Turkish university annuls Erdogan rival's degree, preventing run for president
Politicized diploma annulment & erosion of rights
- Many see the annulment of İmamoğlu’s degree as a nakedly political move to block a leading opposition figure from the presidency, not a genuine administrative correction.
- Commenters frame it as part of a long-running slide from flawed democracy to “electoral autocracy,” with prior patterns: post‑2016 purges, censorship, arbitrary arrests, and now his detention on corruption/terrorism charges plus social media shutdowns and protest bans.
- Several note the deeper precedent: any right or status (education, eligibility, even freedom) can be retroactively revoked, making nothing securely “earned.”
Degree requirement as a vulnerability
- The core structural problem identified is requiring a university degree to run for president: this hands veto power over candidates to academia and, by extension, the ruling regime.

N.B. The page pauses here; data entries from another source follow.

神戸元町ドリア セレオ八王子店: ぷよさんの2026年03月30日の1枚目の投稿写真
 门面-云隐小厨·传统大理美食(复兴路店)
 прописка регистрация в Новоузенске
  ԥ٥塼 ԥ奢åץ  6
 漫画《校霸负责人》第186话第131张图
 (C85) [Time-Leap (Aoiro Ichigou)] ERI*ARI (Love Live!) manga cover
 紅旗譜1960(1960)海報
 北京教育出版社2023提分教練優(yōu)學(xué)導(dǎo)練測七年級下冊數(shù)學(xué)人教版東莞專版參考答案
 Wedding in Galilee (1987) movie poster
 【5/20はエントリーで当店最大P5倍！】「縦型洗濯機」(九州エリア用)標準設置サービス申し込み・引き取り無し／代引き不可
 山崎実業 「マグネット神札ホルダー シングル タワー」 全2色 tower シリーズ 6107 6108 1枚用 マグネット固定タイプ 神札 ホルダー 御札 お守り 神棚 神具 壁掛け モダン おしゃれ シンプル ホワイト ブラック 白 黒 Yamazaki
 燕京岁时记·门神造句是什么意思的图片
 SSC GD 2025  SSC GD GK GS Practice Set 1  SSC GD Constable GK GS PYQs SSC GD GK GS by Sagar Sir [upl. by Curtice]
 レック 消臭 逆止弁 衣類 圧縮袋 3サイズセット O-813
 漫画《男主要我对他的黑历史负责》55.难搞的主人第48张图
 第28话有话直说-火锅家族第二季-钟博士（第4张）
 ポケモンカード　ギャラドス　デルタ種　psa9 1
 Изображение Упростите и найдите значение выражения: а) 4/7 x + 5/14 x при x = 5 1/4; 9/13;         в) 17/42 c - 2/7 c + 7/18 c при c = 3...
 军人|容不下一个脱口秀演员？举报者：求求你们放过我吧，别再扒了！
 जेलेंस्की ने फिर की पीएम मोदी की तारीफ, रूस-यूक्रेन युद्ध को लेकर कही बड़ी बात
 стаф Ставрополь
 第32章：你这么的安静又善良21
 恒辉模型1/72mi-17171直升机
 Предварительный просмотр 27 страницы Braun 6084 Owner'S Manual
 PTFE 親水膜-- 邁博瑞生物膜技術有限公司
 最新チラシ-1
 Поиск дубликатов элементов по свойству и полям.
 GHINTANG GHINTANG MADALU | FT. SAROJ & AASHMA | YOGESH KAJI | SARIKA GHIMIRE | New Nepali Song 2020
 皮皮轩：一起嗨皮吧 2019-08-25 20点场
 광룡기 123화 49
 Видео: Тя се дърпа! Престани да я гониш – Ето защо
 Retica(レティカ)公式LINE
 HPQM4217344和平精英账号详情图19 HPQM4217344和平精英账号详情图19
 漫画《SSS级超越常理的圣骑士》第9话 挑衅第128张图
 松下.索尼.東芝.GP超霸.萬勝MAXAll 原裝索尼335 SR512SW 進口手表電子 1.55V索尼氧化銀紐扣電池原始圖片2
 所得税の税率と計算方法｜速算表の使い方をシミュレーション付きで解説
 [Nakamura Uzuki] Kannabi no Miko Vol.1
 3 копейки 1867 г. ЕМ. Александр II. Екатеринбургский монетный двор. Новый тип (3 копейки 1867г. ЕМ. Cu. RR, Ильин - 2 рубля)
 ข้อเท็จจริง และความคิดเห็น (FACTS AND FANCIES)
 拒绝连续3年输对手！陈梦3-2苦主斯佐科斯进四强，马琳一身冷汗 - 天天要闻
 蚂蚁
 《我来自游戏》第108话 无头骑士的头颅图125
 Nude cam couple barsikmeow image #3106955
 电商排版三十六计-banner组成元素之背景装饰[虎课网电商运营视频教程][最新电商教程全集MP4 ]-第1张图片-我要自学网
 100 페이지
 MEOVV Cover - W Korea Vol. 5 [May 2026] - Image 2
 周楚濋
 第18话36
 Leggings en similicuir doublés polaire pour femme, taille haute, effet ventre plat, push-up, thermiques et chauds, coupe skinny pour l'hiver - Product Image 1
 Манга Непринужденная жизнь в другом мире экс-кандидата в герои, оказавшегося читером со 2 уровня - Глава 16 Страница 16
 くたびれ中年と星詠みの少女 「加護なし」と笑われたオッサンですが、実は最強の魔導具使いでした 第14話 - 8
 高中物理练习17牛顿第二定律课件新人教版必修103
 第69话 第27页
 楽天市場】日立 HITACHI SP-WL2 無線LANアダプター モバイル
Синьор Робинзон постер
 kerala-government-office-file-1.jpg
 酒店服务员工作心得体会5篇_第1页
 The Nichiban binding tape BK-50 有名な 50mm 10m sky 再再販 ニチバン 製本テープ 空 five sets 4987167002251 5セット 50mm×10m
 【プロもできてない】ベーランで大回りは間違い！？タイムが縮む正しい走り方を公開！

- Discussion of whether degree requirements are inherently undemocratic:
- Critics say they exclude poorer and nontraditional candidates and are trivially weaponized.
- Supporters argue complex jobs should have minimal formal-education thresholds, especially in poorly educated societies.
- Honorary or foreign degrees are seen as useless in an autocratic context; authorities can simply refuse to recognize them.
Revocable credentials & comparison to other systems
- Several draw parallels to revoking digital purchases or property rights in the US: what you “own” or “earned” often exists at the sufferance of institutions.
- The Columbia case (degrees “temporarily revoked” over campus occupation and vandalism) is debated:
- Some see a narrow, misconduct-based sanction;
- Others see political pressure from the US government corrupting university discipline and normalizing credential revocation for non‑academic reasons.
Global democratic backsliding & double standards
- Commenters connect Turkey’s trajectory to broader democratic decline: US Trumpism, potential norm-breaking on term limits, and EU/Romanian cases where courts or rules are used to shape who can run.
- Some argue reactions are inconsistently harsh or lenient depending on which country is involved, suggesting tribal or geopolitical bias rather than purely principled concern.
- Underneath, many place the root cause in lack of truly independent judiciaries and the ease of weaponizing formal rules against opponents.